It’s just been half a year since KRACK threatened almost any device that connects to Wi-Fi networks but now we may have something even more frightening. Or at least that’s the sense of urgency and, to an extent, panic that security reports from Cisco and Symantec are giving off. Believed to be state-affiliated or, worse, state-sponsored, the modular VPNFilter malware has already infected around 500,000 routers, not just collecting data but even possibly rendering them completely useless at the push of a button.
The way VPNFilter works is admittedly remarkable in its sophistication. Like a rocket, it is composed of multiple stages that make it harder to track or fix. Stage 1 writes itself into the device’s memory so that it survives even the device is rebooted, something that most IoT malware are unable to accomplish. It then connects with a command and control server to get the Stage 2 malware. While this one doesn’t persist between reboots, it is the one that is responsible for the invasive and destructive behaviors of the malware.
VPNFilter seems to have been designed for espionage. It collects files and information, can remotely execute commands, and infect other connected devices. Its most frightening capability, however, is corrupting the router’s firmware and then rebooting it, practically a self-destruct mechanism that removes all evidence and, of course, functionality.

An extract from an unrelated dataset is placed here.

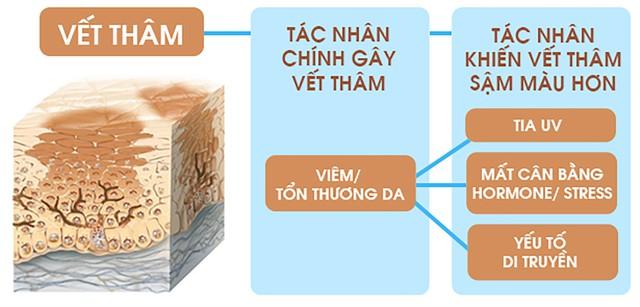 Mụn thâm đen cứng đầu, lâu năm cải thiện bật sáng đều màu sau 7 ngày- Ảnh 3.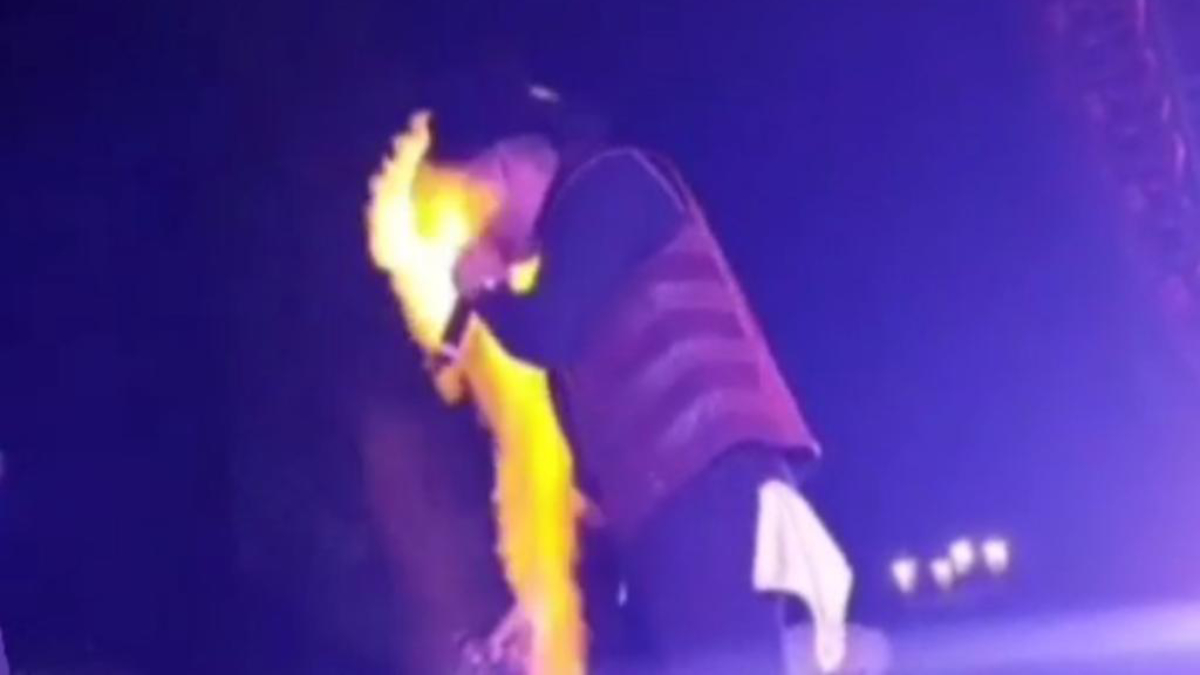 #Video El Gallo Elizalde sufre quemaduras de segundo grado en concierto #Video El Gallo Elizalde sufre quemaduras de segundo grado en concierto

Cisco’s Talos Intelligence arm and its threat intelligence partners have been observing the malware’s existence and behavior since 2016. It has infected an estimated 500,000 routers and net-attached storage devices in at least 54 countries worldwide. There has been a sudden surge of attacks in the past weeks, specifically in Ukraine, a seemingly favorite target for cyber warfare. Symantec has released a list of devices known to be affected by VPNFilter:
• Linksys E1200
• Linksys E2500
• Linksys WRVS4400N
• Mikrotik RouterOS for Cloud Core Routers: Versions 1016, 1036, and 1072
• Netgear DGN2200
• Netgear R6400
• Netgear R7000
• Netgear R8000
• Netgear WNR1000
• Netgear WNR2000
• QNAP TS251
• QNAP TS439 Pro
• Other QNAP NAS devices running QTS software
• TP-Link R600VPN
Sadly, the story doesn’t have a happy ending just yet. Because of the nature of these devices, it is almost impossible to guard them against attacks via conventional anti-malware software. And due to the modular nature of VPNFilter, a simple reboot or resetting the firmware might not be enough to clear the device. It is also nearly impossible to tell if a device has been infected until it’s too late.